How Can I Help My Student Be Successful With His/Her Homework?
[Part of the "Q & A for Parents of Middle School Students" series]
Middle school is a time for students to develop independent work and study habits that will sustain their learning as they get older. You may have convinced your middle schooler that there is a reason why they need to do their homework, but that doesn't mean the work is completed accurately or with the thoughtfulness required. You want your student to gain something from the work they do at home. Helping with homework is not the only way to support your child's efforts. What you do when it is ‘homework time' at your house can be much more powerful than the assistance you provide. Here are a few suggestions to get you started.
- Watch less TV yourself, model and encourage reading instead.
- Keep the student on task by re-directing them if they head for the TV, phone or computer.
- Create a quiet environment for your student to study without distractions.
- Set a regular homework routine that works for both the student and parents.
- Praise effort/achievements.
- Provide necessary equipment (calculator, paper, pencils, erasers, etc.)
- Work on your own projects, write letters or pay bills to model how you handle your homework.
- Monitor quality and completion of homework.
- Let students make mistakes and don't do the work for them - we learn from our mistakes!
- Build breaks into the homework routine (i.e. 10 minutes every hour)
- Don't have your student work on homework if they are feeling, anxious, angry or rushed. If you are helping, you'll want to start early as well so you're relaxed!
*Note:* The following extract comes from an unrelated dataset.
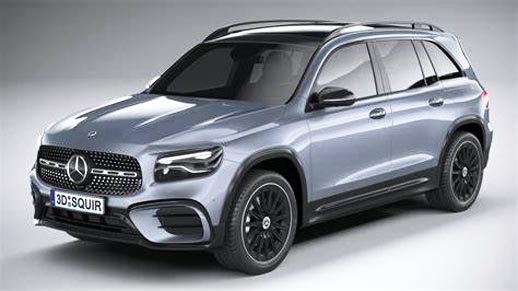 Mercedes-Benz GLB-Class hood fender opgradering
- Help your child find ways to get answers to things that confuse them by using resources; internet, textbook, or phone a friend who does well in the class.
Bean, R. (1991). How to help your children succeed in school. New York, NY: Price Stern Sloan Publishing.
FINE (Family Involvement Network of Educators). (2004). Harvard Family Research Project website. Graduate School of Education, Harvard University, Cambridge, MA: Harvard University. (http://www.gse.harvard.edu/hfrp/projects/fine/fineresources.html)
Hieligman, D. (1999). The New York Public Library kid’s guide to research. New York: Scholastic.
Paulu, N. (1996). Helping your child with homework. Kidsource OnLine, Inc.. Santa Clara County, CA. (http://www.kidsource.com/kidsource/content/homework.html)
Patchogue-Medford Congress of Teachers, Congress of Teachers Website, (2002). Patchogue, NY. (http://www.pmct.org/helpsucceed/homework.html)
Spolton, S & Spolton, C. (1998). Topmarks Education Website. UK. (http://www.topmarks.co.uk/Parents/Homework/aspx)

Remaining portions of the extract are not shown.